Task brief:
With the material below, print exactly the lines between the line holding "Seamless Fitness Leopard" and the line holding "Kısa kollu nakışlı sweatshirt - Görsel 13", inclusive. Add nothing else.

Data under study:
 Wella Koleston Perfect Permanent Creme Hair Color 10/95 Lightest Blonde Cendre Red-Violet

---

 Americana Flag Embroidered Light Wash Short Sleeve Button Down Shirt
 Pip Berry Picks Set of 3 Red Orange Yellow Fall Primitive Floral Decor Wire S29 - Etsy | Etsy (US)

* * *

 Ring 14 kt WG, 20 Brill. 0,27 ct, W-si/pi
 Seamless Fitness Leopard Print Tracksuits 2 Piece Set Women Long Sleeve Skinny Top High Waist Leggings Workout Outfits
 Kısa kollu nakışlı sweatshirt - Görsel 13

Result:
 Seamless Fitness Leopard Print Tracksuits 2 Piece Set Women Long Sleeve Skinny Top High Waist Leggings Workout Outfits
 Kısa kollu nakışlı sweatshirt - Görsel 13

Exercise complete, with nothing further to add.